Composing specialists
Four roles compose the system. Triage identifies the mode and hands off to the right specialist; Specialist investigates within its domain and produces hypothesis plus recommended action; Remediation acts on the hypothesis (could be the specialist itself or a separate agent); Audit records the chain for postmortem and learning.
- Triage. Identify mode; hand off to specialist; the routing layer.
- Specialist. Investigate within domain; produce hypothesis and recommended action.
- Remediation. Act on hypothesis; specialist itself or separate agent.
- Audit. Record the chain for postmortem and learning.
How the taxonomy evolves
The taxonomy grows then stabilises.
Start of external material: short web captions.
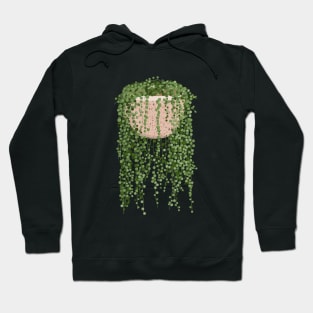 String of pearls plant illustration Hoodie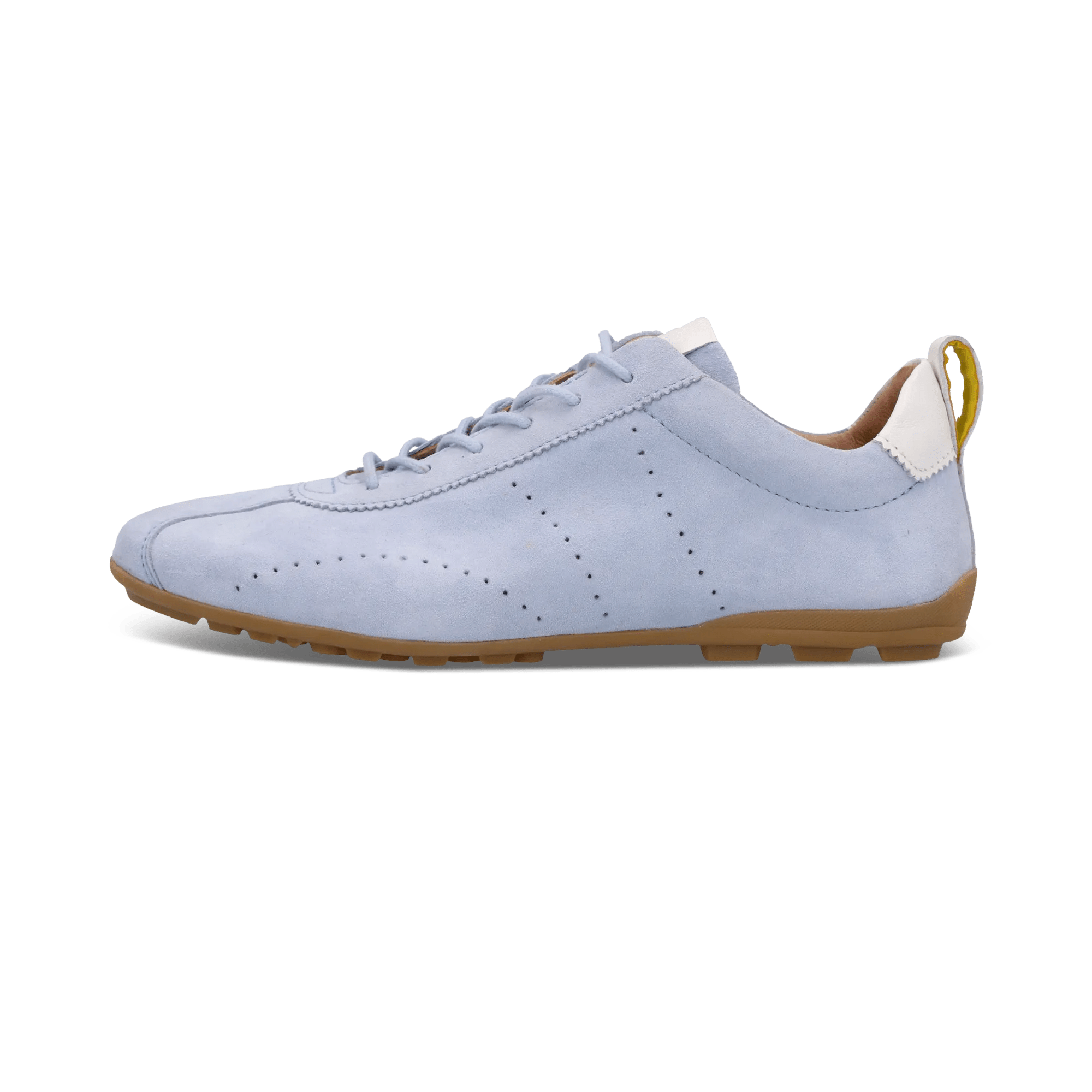 1/23/2026 9:23:16 AM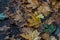 Withered yellowed maple leaves on the footpath. Autumn landscape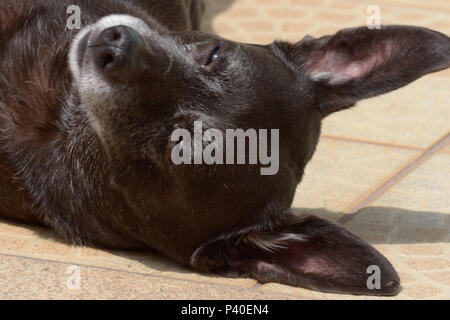 Cachorro sem raça definida 'srd' na este idosa. Foto Stock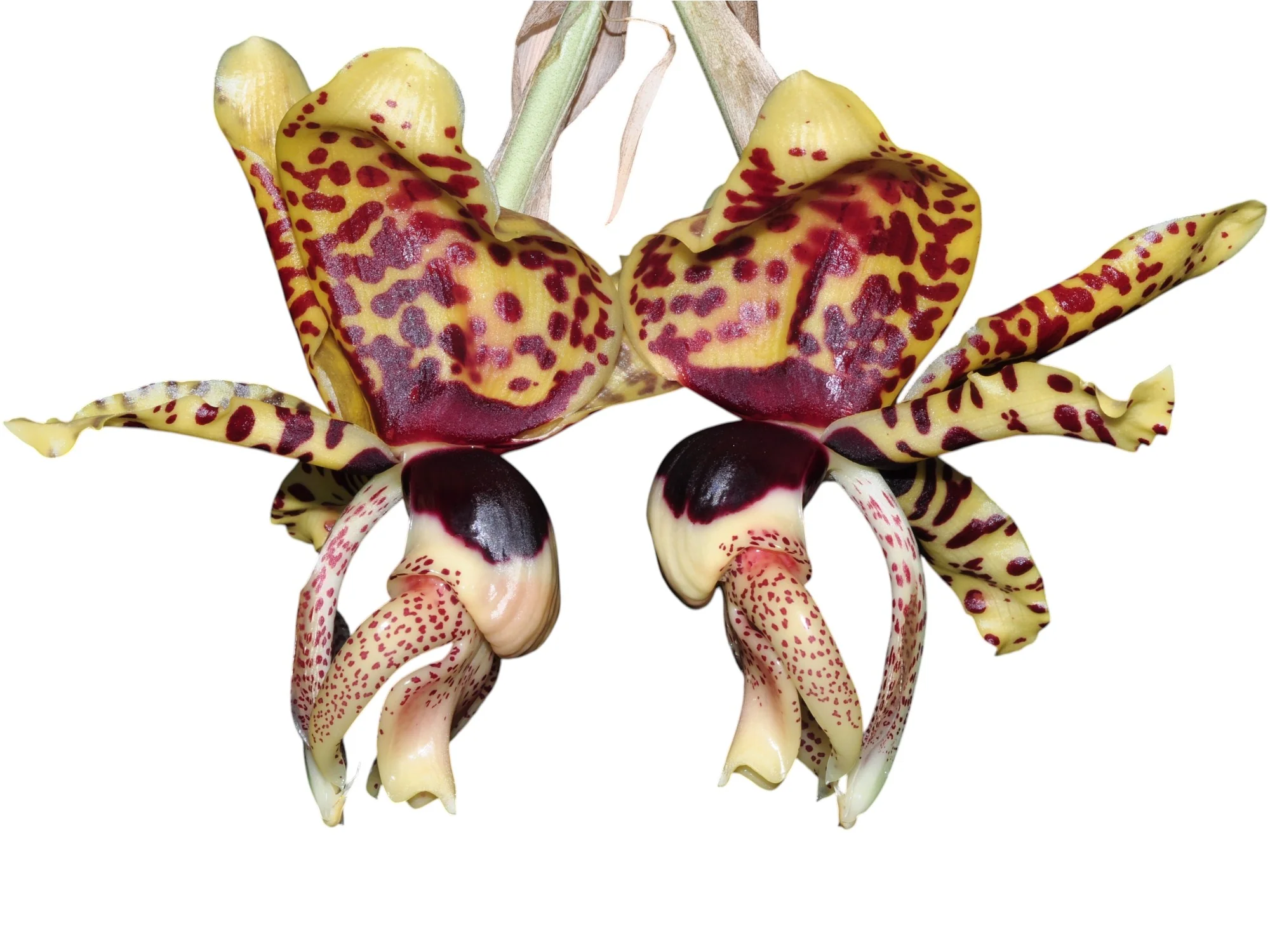 Stanhopea nigroviolacea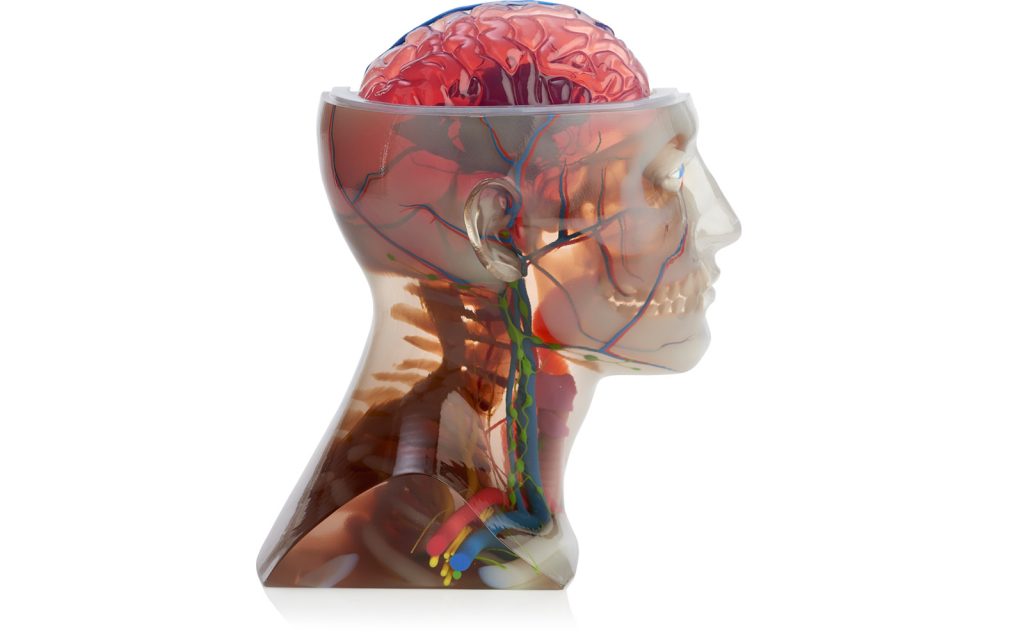 3D打印在Stratasys J750上的解剖头部模型。照片通过Stratasys公司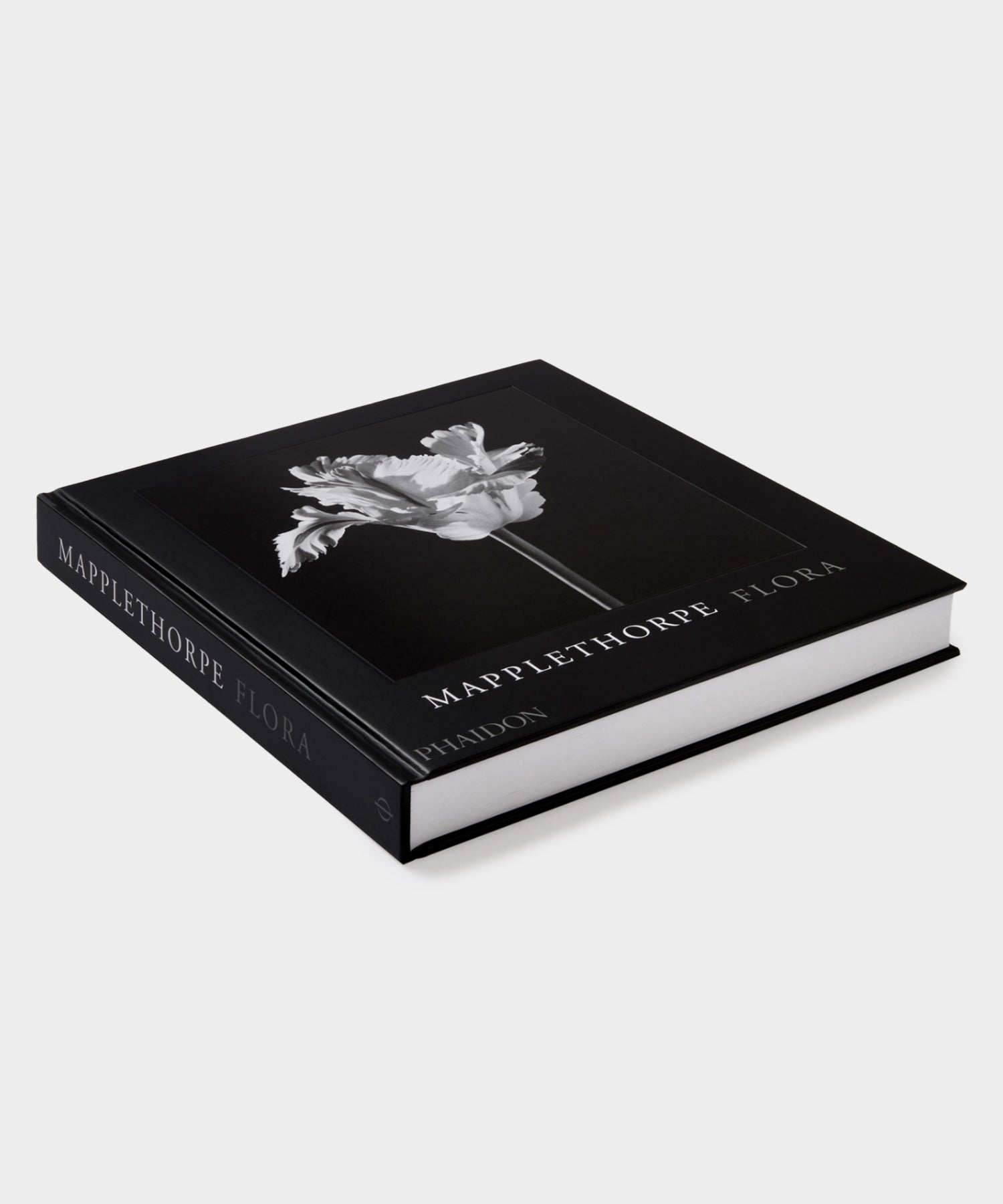 Phaidon 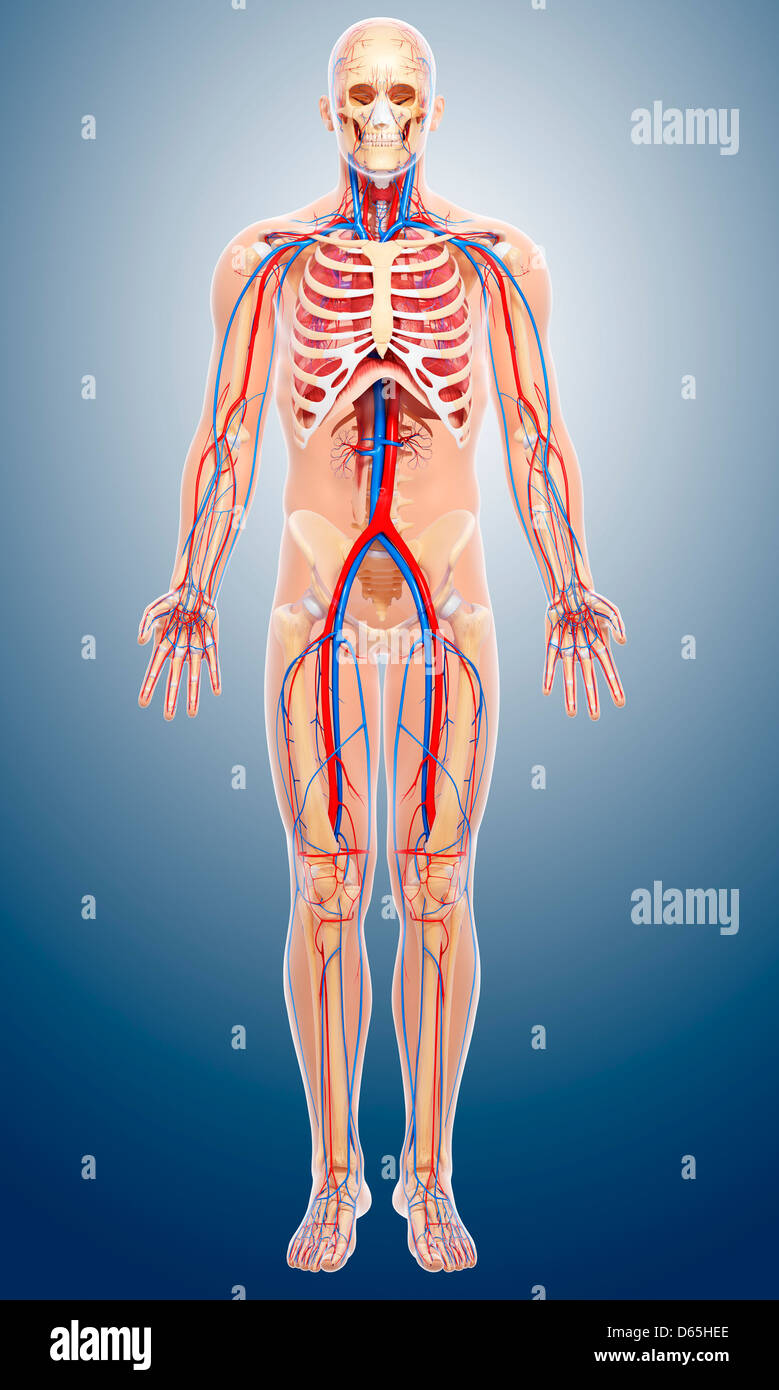 Human Ribs Stock Photos & Human Ribs Stock Images - Alamy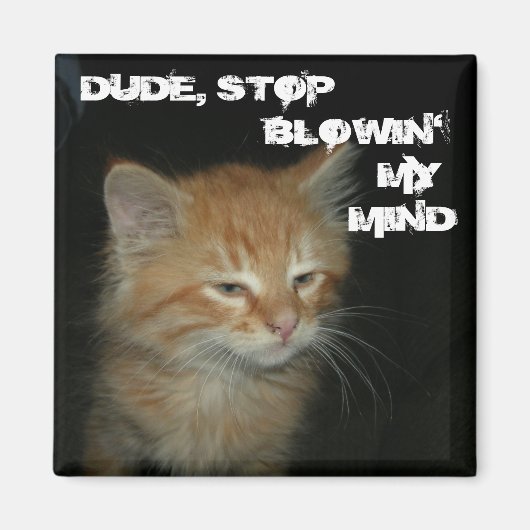 Kat "DUDE, STOP BLOWIN" MIJN MIND Magnet (Voorkant)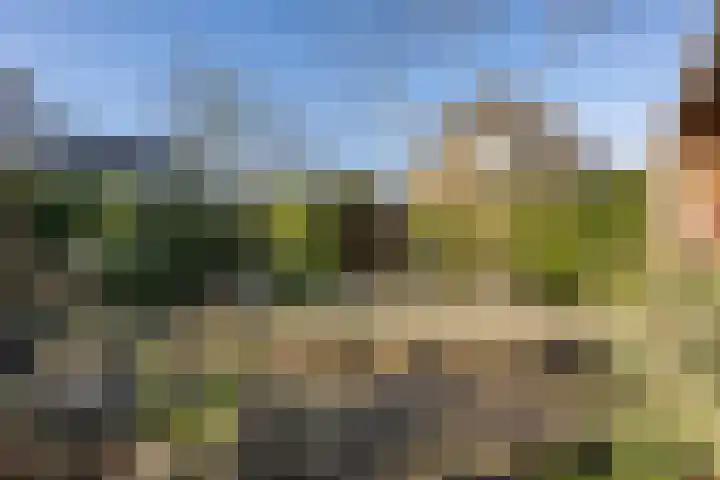 Dorpsweg 93 Sommelsdijk thumbnail 24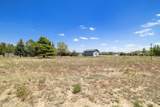 7050 Vista De Oro - Photo 75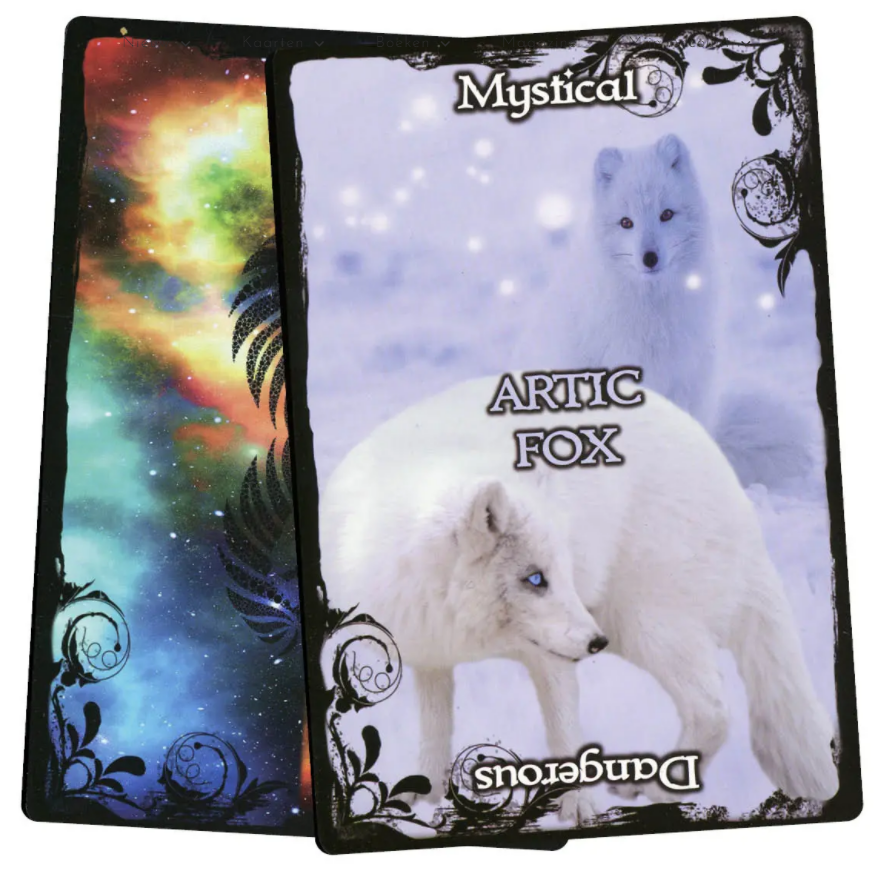 Animal Guidance & Aspects Oracle Cards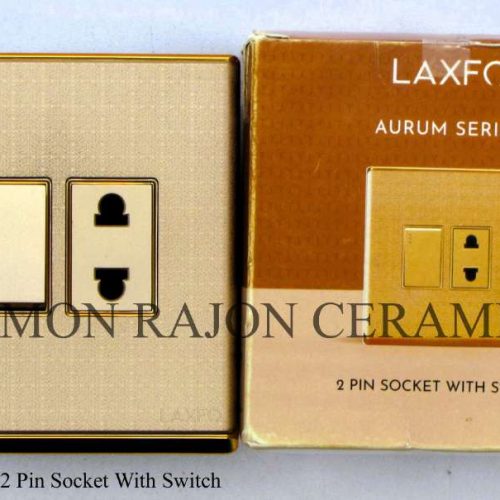 AURUM Series 2 Pin Socket With Switch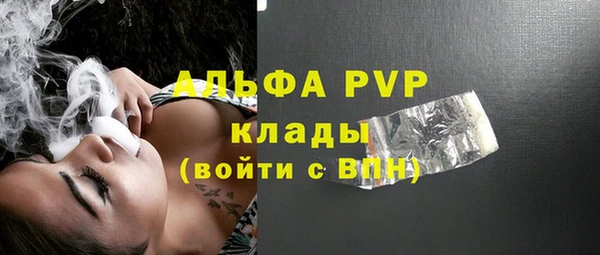 гидра Горнозаводск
Year one: 5 modes covering 80% of incidents and misclassifications are bugs (refine the taxonomy). Year two: 8 modes covering 90% with new modes added based on observed gaps. Beyond year two: stability where the taxonomy stops growing and specialists deepen instead.
- Year 1: 5 modes, 80%. Misclassifications are bugs; refine the taxonomy.
- Year 2: 8 modes, 90%. New modes added based on observed gaps.
- Year 3+: stability. Taxonomy stops growing; specialists deepen instead.
- Per-mode coverage tracked. Documented per quarter; supports continued investment.